WHAT THE EXERCISE ASKS ▸
Return every line of the entries that includes the word "Chevrolet".

Saved entries
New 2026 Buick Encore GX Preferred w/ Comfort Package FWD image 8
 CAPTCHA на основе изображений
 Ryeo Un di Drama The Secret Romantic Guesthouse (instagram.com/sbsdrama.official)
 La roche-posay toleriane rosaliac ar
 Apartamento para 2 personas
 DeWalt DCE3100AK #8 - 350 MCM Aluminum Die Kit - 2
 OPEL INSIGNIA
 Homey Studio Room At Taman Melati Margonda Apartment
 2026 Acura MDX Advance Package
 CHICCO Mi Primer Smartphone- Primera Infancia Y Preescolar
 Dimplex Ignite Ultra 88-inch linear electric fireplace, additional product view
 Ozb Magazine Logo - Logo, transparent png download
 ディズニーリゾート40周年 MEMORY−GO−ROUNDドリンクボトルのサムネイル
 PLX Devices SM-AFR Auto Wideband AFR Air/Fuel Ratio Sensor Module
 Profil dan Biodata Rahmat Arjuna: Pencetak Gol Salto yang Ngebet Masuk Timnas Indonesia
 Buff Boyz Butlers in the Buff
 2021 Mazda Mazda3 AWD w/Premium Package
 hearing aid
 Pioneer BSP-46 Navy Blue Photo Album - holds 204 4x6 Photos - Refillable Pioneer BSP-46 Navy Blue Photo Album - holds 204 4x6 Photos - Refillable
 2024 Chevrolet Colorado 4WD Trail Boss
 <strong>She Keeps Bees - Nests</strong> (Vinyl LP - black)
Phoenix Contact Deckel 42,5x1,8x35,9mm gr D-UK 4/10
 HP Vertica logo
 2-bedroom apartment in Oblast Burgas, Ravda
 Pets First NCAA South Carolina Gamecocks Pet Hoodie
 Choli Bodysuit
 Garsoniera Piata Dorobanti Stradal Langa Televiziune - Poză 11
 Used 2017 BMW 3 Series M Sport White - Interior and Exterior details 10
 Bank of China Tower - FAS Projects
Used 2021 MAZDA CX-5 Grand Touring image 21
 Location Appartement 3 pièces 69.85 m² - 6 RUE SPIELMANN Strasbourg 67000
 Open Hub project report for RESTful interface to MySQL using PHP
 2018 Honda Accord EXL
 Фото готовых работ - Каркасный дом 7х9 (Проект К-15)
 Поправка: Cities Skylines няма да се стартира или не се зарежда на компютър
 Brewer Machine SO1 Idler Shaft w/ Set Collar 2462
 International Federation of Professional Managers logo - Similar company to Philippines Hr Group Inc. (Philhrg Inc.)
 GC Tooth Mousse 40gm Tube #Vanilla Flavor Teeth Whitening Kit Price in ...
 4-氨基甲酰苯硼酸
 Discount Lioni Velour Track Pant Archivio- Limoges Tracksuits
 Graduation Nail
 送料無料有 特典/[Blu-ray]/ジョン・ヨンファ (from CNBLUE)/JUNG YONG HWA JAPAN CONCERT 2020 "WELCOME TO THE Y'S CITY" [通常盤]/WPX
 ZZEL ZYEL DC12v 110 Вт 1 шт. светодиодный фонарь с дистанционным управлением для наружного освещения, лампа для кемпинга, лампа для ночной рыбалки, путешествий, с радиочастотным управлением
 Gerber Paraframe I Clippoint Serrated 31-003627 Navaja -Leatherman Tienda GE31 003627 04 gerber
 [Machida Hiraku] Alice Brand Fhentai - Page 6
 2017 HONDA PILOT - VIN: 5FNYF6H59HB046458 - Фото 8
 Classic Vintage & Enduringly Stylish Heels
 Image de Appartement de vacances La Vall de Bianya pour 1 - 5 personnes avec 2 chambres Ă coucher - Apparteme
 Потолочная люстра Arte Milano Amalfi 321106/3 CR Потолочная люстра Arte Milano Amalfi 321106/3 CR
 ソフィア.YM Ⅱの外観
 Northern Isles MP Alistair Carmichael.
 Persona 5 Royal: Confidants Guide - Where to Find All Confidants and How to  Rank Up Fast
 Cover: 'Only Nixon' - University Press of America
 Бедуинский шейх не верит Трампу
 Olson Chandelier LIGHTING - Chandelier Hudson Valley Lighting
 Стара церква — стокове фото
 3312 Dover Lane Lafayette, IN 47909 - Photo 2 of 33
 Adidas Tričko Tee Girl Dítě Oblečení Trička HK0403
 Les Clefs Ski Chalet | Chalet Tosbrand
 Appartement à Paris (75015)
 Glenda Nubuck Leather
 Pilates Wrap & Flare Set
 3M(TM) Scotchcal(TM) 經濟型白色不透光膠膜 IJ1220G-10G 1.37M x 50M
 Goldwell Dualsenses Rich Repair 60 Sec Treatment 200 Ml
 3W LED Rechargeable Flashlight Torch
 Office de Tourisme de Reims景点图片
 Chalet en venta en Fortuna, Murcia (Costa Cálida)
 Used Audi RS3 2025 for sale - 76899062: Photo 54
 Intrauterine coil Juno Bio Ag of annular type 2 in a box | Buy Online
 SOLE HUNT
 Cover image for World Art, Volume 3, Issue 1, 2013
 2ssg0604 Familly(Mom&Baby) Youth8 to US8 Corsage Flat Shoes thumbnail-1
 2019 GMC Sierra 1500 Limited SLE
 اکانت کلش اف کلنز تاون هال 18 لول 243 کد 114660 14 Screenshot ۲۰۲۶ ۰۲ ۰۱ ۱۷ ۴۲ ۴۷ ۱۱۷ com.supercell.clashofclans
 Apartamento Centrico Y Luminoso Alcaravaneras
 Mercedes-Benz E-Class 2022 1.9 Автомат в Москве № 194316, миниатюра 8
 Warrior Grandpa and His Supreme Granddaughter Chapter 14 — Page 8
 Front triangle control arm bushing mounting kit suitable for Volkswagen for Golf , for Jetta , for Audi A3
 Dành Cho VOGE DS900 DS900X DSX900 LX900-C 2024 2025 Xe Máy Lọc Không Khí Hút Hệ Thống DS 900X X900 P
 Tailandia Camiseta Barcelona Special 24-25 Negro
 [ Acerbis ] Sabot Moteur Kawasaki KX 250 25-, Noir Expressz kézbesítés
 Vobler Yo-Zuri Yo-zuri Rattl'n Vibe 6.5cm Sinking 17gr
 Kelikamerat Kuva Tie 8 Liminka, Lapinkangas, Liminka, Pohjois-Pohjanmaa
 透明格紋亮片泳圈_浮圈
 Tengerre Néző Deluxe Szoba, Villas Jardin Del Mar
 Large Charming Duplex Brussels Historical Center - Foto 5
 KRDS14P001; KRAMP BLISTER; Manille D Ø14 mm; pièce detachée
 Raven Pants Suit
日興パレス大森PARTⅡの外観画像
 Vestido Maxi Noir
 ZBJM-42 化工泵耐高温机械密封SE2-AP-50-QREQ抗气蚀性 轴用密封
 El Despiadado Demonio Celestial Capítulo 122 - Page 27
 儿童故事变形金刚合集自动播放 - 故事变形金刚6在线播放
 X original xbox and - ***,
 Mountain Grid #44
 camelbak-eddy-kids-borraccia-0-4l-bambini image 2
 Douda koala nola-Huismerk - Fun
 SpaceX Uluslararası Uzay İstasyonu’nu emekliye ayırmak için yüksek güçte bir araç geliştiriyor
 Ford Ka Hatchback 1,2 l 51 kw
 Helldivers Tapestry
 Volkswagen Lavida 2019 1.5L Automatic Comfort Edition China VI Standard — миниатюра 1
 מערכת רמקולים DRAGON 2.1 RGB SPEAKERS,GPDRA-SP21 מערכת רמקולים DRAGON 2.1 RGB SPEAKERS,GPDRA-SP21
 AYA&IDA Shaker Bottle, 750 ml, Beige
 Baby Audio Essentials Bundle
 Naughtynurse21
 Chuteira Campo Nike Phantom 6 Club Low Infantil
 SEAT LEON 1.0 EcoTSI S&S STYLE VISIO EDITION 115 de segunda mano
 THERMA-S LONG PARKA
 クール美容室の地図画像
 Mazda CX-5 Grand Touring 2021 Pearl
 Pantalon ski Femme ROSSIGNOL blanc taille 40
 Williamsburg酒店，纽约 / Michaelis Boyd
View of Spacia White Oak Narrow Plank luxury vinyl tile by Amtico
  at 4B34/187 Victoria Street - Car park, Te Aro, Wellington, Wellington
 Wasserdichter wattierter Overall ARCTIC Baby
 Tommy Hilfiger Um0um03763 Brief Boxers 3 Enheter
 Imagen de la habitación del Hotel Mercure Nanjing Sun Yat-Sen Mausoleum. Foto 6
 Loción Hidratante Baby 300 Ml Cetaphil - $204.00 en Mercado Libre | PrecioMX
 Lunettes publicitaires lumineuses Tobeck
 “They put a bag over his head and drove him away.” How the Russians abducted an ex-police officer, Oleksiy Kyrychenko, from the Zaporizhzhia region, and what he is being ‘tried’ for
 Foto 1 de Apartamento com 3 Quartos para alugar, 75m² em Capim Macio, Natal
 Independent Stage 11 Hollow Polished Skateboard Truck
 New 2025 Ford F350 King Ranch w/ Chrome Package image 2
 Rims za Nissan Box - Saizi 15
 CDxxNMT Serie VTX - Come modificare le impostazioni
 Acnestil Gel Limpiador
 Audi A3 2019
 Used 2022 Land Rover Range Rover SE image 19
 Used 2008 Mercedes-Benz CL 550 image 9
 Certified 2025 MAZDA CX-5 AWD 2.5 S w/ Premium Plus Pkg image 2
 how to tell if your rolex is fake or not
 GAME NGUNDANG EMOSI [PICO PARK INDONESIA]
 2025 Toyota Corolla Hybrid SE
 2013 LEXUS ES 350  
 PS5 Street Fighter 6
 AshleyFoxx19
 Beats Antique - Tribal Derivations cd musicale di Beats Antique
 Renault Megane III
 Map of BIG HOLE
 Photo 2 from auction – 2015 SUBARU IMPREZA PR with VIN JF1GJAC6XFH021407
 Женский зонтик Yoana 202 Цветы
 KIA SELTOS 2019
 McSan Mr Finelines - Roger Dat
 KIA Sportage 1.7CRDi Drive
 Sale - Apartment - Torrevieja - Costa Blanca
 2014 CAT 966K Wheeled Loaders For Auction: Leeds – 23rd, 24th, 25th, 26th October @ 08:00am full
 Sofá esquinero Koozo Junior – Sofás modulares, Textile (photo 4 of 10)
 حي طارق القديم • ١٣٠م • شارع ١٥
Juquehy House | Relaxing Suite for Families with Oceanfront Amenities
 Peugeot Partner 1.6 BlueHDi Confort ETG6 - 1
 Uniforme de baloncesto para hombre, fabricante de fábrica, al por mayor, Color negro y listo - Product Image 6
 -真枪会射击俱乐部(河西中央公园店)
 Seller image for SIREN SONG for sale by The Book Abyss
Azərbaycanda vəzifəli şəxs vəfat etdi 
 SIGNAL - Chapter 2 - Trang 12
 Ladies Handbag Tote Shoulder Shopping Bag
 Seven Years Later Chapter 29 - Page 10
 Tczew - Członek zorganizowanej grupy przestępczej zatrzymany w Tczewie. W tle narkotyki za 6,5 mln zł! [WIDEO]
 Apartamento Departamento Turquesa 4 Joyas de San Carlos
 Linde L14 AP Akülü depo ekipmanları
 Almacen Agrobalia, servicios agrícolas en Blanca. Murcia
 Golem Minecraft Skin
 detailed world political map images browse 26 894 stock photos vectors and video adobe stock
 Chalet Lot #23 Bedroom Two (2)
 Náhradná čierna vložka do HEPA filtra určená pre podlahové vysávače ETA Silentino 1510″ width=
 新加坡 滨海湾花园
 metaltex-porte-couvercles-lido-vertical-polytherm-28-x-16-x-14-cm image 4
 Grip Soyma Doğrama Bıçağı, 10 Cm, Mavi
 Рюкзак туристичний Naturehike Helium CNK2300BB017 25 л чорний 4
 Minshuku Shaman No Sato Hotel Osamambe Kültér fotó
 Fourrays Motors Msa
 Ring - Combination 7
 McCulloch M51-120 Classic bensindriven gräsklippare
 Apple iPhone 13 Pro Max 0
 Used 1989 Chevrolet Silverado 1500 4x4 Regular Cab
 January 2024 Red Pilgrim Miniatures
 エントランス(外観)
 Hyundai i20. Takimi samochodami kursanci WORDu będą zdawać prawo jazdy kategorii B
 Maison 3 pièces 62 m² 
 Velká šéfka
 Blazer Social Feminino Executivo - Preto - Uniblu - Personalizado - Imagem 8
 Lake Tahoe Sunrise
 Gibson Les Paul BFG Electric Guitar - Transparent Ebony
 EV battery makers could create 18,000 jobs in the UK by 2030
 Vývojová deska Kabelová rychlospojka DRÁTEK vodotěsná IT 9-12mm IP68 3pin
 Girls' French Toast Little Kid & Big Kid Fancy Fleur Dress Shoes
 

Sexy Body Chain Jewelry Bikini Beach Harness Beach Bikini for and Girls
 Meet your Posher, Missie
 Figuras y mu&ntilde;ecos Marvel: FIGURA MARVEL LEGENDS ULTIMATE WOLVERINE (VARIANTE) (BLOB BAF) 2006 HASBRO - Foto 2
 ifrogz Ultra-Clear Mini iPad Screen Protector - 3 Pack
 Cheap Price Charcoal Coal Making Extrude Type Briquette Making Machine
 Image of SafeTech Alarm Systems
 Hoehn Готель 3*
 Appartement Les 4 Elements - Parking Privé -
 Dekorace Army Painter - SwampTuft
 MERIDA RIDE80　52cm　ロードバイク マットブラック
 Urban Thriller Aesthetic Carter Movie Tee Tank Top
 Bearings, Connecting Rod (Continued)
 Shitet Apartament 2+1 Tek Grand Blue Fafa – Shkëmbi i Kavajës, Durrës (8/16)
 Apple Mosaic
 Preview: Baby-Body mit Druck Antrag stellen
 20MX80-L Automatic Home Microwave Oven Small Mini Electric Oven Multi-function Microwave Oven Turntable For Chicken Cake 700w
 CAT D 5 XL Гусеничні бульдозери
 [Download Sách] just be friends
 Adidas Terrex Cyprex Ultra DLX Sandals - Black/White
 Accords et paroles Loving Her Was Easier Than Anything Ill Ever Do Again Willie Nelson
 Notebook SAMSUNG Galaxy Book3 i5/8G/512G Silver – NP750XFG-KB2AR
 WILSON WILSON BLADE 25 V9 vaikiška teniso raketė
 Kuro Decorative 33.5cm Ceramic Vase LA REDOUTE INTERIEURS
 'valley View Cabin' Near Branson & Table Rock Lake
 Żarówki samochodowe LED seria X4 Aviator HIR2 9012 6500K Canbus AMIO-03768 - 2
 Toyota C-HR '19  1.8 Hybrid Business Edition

WRITTEN ANSWER ▸
 2024 Chevrolet Colorado 4WD Trail Boss
 Used 1989 Chevrolet Silverado 1500 4x4 Regular Cab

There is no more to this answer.